By this summer, Akiwenzie had had enough. Fishing was becoming difficult, unprofitable and unsafe. There was little reason to go out anymore. When his boat’s motor broke, it was going to cost him at least $12,000 to replace it. Instead, he packed up his nets.
“For the past two months, I’ve spent a lot of time grieving,” says Akiwenzie. “For 15 years, I’ve fed 150 families, and I got to know people and faces. All of a sudden, to not do that anymore is like losing 150 people in your family all at once.”
Today, chefs from Toronto — who Akiwenzie had supplied with fish in better days — have come here to cook a meal of pickerel, wild rice and smoked duck for 180 people at a drop-in lunch at the Chippewas of Nawash Unceded First Nation community center before touring the lake to learn about what’s happening.

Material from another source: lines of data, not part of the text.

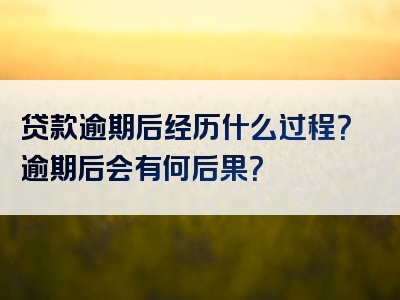 贷款逾期后经历什么过程？逾期后会有何后果？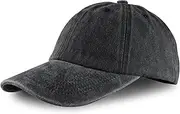 [Yazikisa] Vintage Washed Plain Baseball Cap for Men Women Adjustable Trucker Hat Classic Soft Cotton Golf Hats Dad Caps Snapback Flat Bill Casual Wear Outdoor Activities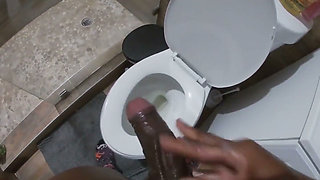 Stroking My BBC Peeing in the Toilet POV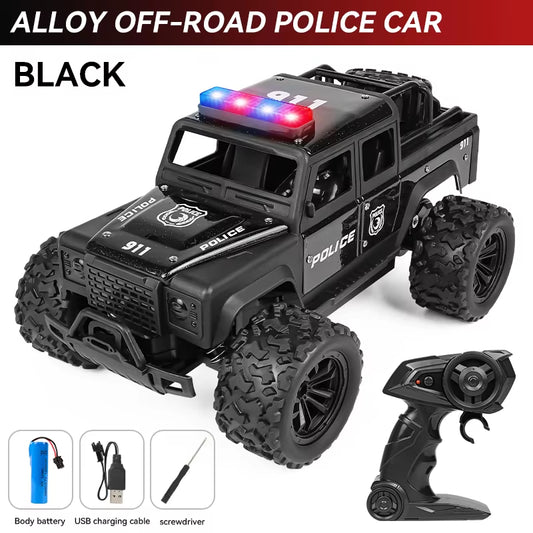 1:16 Alloy High-Speed Off-Road Police RC Truck with 2.4G Remote Control , Music & Bright LED Lights – Outdoor Toy Car for Kids
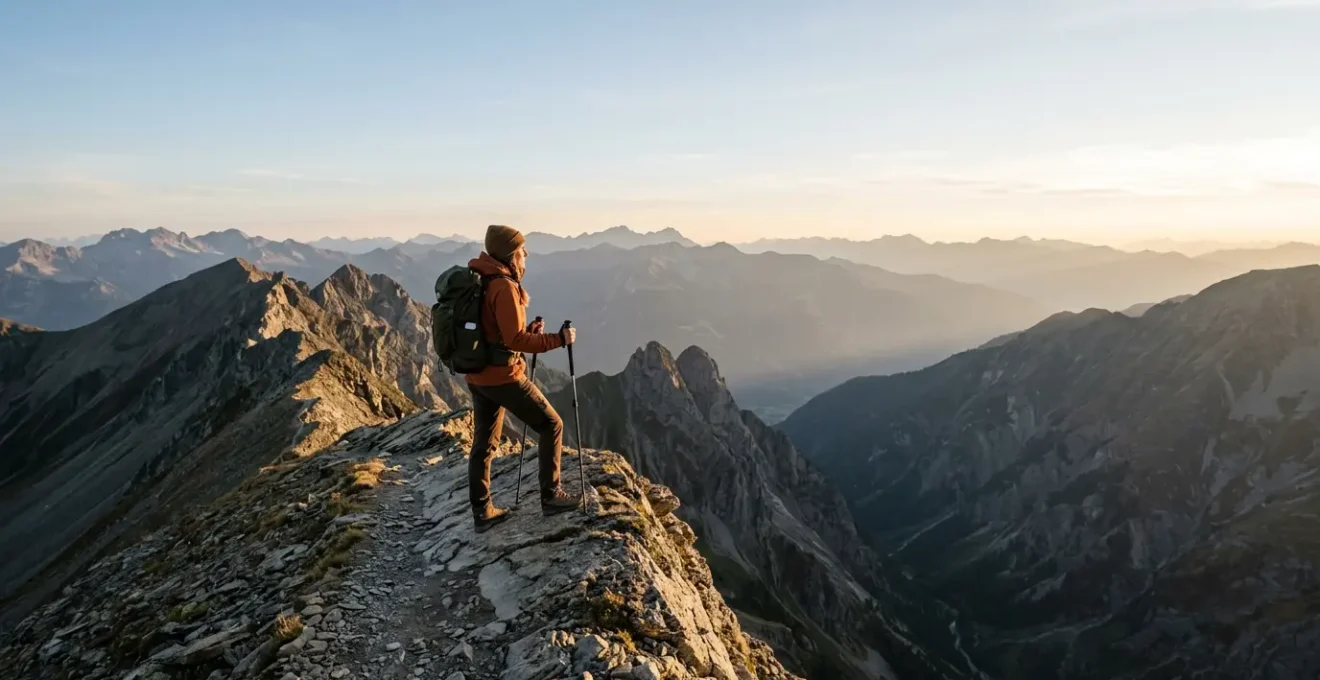 Randonneur sur une crête effilée pratiquant une technique de respiration pour gérer le vertige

“I’ve fished Ontario lakes and rivers my whole life,” says Missy Hu, a former chef de cuisine at Fabbrica in Toronto. “The alliance is key because we all know that there is something wrong. If we don’t act now, traditional fishing communities, Canadian fishing culture and the Great Lakes may never recover.”
Akiwenzie has no doubt that what is happening to his environment, his livelihood and his community is a result of climate change, but he lacks the data to prove it. “I may not have the education level behind me, but I have the knowledge base and have seen it firsthand. I’ve been on the waters for 15 years, and I’ve only seen biologists twice.”
Fortunately, the alliance has its own marine scientist, John Anderson, formerly a researcher for the Department of Fisheries and Oceans and a professor at Memorial University in St. John’s, Newfoundland. Anderson got involved after retiring to nearby Owen Sound, where he was frustrated by his community’s climate-change denial. “I’d go to curling with lawyers, truck drivers, farmers and doctors,” Anderson recounts of his re-entry into his hometown. “The climate is changing here, but I kept talking to people who didn’t know that or denied it. I put together my first data set, and I built it back to 1880.”
For some areas in the region, he found environmental data (temperature, humidity, precipitation, wind “gusts” and direction) that dated back to 1880 (with gaps for the First World War) and often ended in 2006, when Environment Canada stopped collecting data. Finding local measurements to fill in gaps in the federal records, Anderson began to assemble a data set. “Once I had the first one, I could see clear trends here,” he says, “so I built a second data set.” So far, he has constructed data sets for the waters in nearby Delhi, London, Goderich, Owen Sound, North Bay and Sudbury.
Proud of the data collection, Akiwenzie knows that this won’t restore his livelihood or the life he built here. “I’ll fight anything, but this was a battle that had no boundaries and no enemy,” says Akiwenzie. “There was nobody I could challenge.”
Even though Akiwenzie is done fishing, his gathering of scientific evidence might lay the groundwork for future fights over policy in the region. “That’s why we started our group, Bagida-waad, which means ‘they cast a net’ in our language. We have to just watch. Mother Nature is the one who’s in charge.”